The Hybrid AF system an improvement over Canon's contrast-only system on the 600D, even if you fit the STM lens which should better cope with such focusing, so there wouldn't be any benefit to switching it off, even if you wanted.

Its theoretical advantages would be in continuous AF (for either stills or movies), since it can establish the distance to the subject. But that's something we'll cover in greater depth, soon.

2 upvotes
photo nuts
By photo nuts (Aug 16, 2012)

@thisisjh: Contrast AF alone in Canon DSLRs is definitely slower. You can find that in Butler's reply further down below.

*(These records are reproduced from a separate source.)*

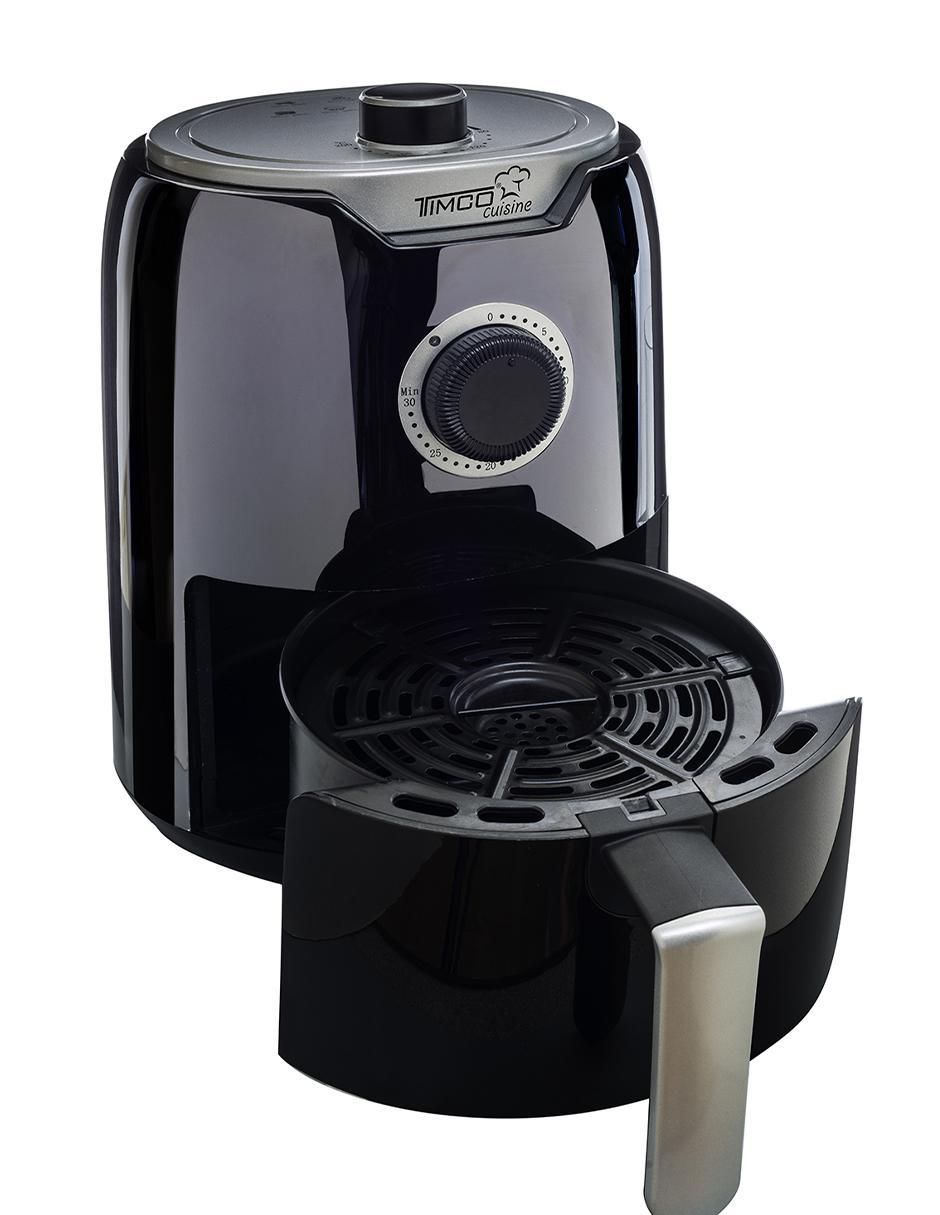 Freidora de aire 2.5 L Af-001 N 3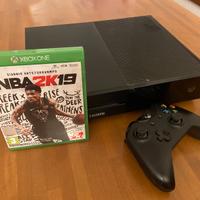 Xbox one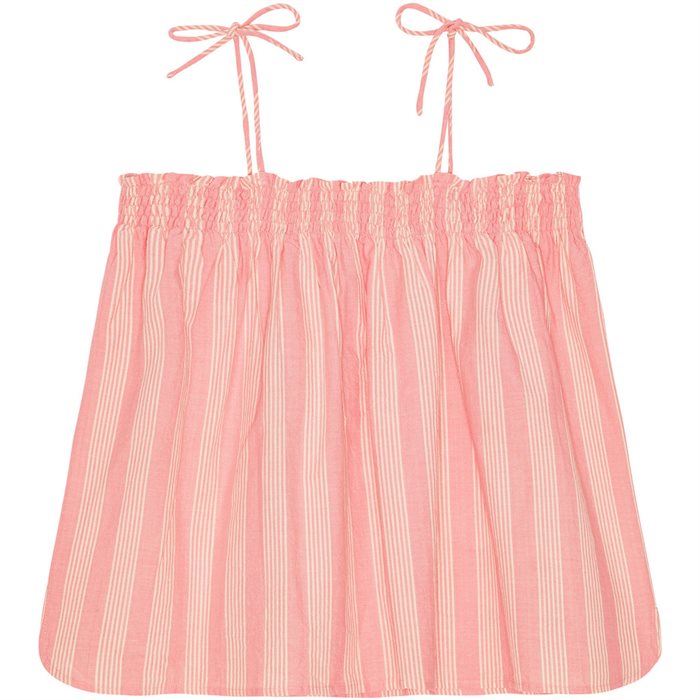 Habiba - Stockholm Top - Flamingo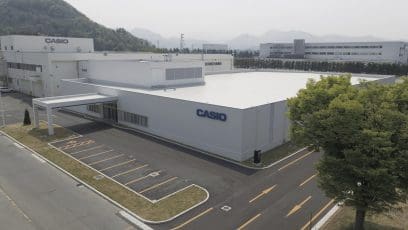 MRG-B5000HT-1 山形カシオで製造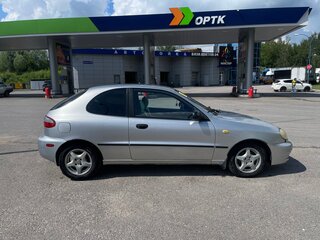 2001 Daewoo Lanos, серебристый, 300000 рублей, вид 3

Comment edited 20 seconds after posting
0 upvotes
johnparas11zenfoliodotcom
By johnparas11zenfoliodotcom (Aug 16, 2012)

NOw if only canon/nikon... Just remove the mirrors of their DSLRs, use same mounts, and flange distance something :- ) and use EVF instead.. And have hybrid AF.. Now that would be ideal.. I think the entry level bodies of canon and nikon are small already..

Although i hope nikon will put the AF screw, back on entry level bodies.. So i can use the smaller non afs lenses :-)

Comment edited 1 minute after posting
0 upvotes
Zvonimir Tosic
By Zvonimir Tosic (Aug 16, 2012)

You mean Pentax K-01?
Which is only a first attempt in that direction, thus without an EVF.

1 upvote
johnparas11zenfoliodotcom
By johnparas11zenfoliodotcom (Aug 16, 2012)

Zvonimir.. yeah kinda like that.. but not the body design.. I have seen that Pentax in person.. not looking good nor does it look ergonomic :-)

0 upvotes
snooked123
By snooked123 (Aug 15, 2012)

EOS M's AF will be significantly slower than Panasonic and OMD EM5 which makes me really sad because I was so excited to see a 35mm f2 lens in APS-C mirrorless cameras.

Comment edited 36 seconds after posting
1 upvote
Sabatia
By Sabatia (Aug 16, 2012)

Except at the tele end, the array of lenses for the m4/3s system makes 35 f2 seem far less than exciting or even interesting. Amazing number of quality primes available for m4/3 and now with Pana coming out with a very sharp 12-35(24-70 equiv.) 2.8 IS the fun expands.

1 upvote
Essai
By Essai (Aug 15, 2012)

shame on you Canon. This is unacceptable IMO.

14 upvotes
photo nuts
By photo nuts (Aug 16, 2012)

Yup, you got that right. It is a shame. They just don't seem to know how to handle contrast AF and low ISO sensor dynamic range.